Berlin – Seine Heimspiel-Premiere hatte sich Julian Nagelsmann (36) anders vorgestellt. Wobei das Testspiel gegen die Türkei, das im Berliner Olympiastadion mit 2:3 (1:2) verloren ging, eher als Auswärtspartie gewertet werden müsste. Den Ton auf den ausverkauften Rängen gaben nämlich die türkischen Anhänger lautstark an. Bei jedem Ballkontakt der DFB-Auswahl schrillte ein ohrenbetäubendes Pfeifkonzert, vor allem, wenn Kapitän Ilkay Gündogan (33) das Leder am Fuß hatte.
Allerdings wäre es zu einfach argumentiert, die Niederlage mit der hitzigen Atmosphäre zu begründen. Abgesehen von den ersten 20 Minuten strahlte Deutschland nicht die erwartete Dominanz und den erhofften Esprit aus. Das hatte zur Folge, dass sich die Bundestrainer-Bilanz von Nagelsmann nun wie folgt liest: drei Spiele, ein Sieg, ein Remis und eine Niederlage. „Wir sind nicht genügend an unsere Grenzen gegangen“, bilanzierte der 36-Jährige und ging mit seinem Team nicht gerade zimperlich um: „Einige Spieler hatten nicht die hundertprozentige Überzeugung, den Willen.“ Dabei waren das die beiden Attribute, die Nagelsmann bei seinem Amtsantritt mit Hinblick auf die Heim-Europameisterschaf gefordert hatte.
Gündogan sprach am RTL-Mikrofon davon, dass die Mannschaft nach der Anfangsphase und dem Treffer von Kai Havertz (24) zum 1:0 nach fünf Minuten nicht mehr zielstrebig genug gewesen sei und den Ball nicht mehr gut bewegt habe: „Die Türken haben es im Mann gegen Mann gut gespielt und wir haben keine Lösungen gefunden. Wir waren nicht aggressiv genug – und man muss auch ehrlich sagen, dass ihre Tore auch nach Fehlern von uns fallen. So ist es schwer gegen, egal welchen Gegner, zurückzukommen. Wir waren einfach zu passiv.“ In den zehn Spielen des Jahres hat das DFB-Team 20 Gegentore bekommen.
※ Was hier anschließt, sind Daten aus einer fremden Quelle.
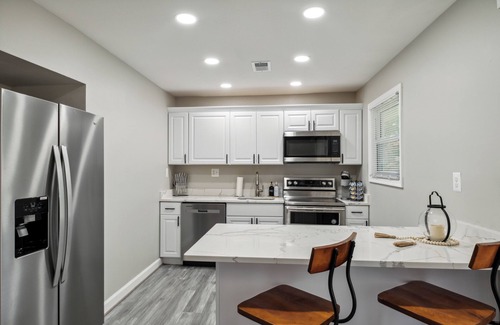 Hanover Casa | Stylish 3BD 2BA Rancher Near BWI, FT Meade, Live Casino, Baltimore!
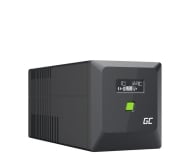 Green Cell UPS PowerProof (750VA/480W, LCD) - 1364723 - zdjęcie 2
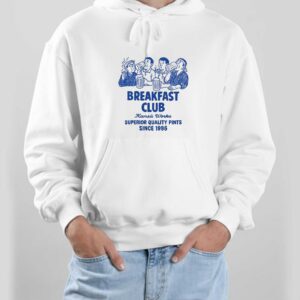 Breakfast Club Superior Quality Pints Since 1995 Tee 3 1.jpg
Nach einem türkischen Doppelschlag kurz vor der Halbzeit, bei dem sowohl Benjamin Henrichs (26) als auch Leroy Sané (27) schlecht aussahen, ging es mit einem 1:2 in die Kabine. Der schnelle Ausgleich durch Niclas Füllkrug (30) nach Wiederanpfiff war nur ein kurzes Aufbäumen, ehe Yusuf Sari per Strafstoß die DFB-Pleite besiegelte (71.) – EM-Alarm statt EM-Euphorie!
„Wir lassen uns nicht unterkriegen. Es ist unser Job, weiterzumachen“, gab sich Thomas Müller (34) kämpferisch – und dürfte seinem Bundestrainer damit aus der Seele gesprochen haben. Nagelsmann verbittet sich in der jetzigen frühen Phase seiner Amtszeit Schwarz-Weiß-Denken: „Wir können jetzt alles schlecht sehen, da werden wir aber nicht weiterkommen als Fußball-Nation. Ich bin weit davon entfernt, alles negativ zu sehen. Sinnvoll ist es nicht, schwarz-zusehen, davon werden wir nicht besser.“ DFB-Präsident Bernd Neuendorf warnt bei Bild-TV: „Wir gefallen uns oft darin, in eine toxische Situation zu kommen. Wir müssen Stärken stärken.“
Was hilft, sind Siege. Im besten Fall bereits am Dienstag in Wien gegen Österreich (20.45 Uhr, ZDF). Das weiß auch Routinier Müller: „Das Schöne ist, dass es nicht das letzte Spiel dieser Länderspiel-Periode ist. Wir haben am Dienstag noch mal eine Chance – und deswegen geht unser Blick schon jetzt Richtung Österreich.“
Sollte diese Partie ebenfalls in die Hose gehen, werden die EM-Alarmglocken ähnlich laut schrillen wie die Pfiffe der türkischen Fans in Berlin gellten.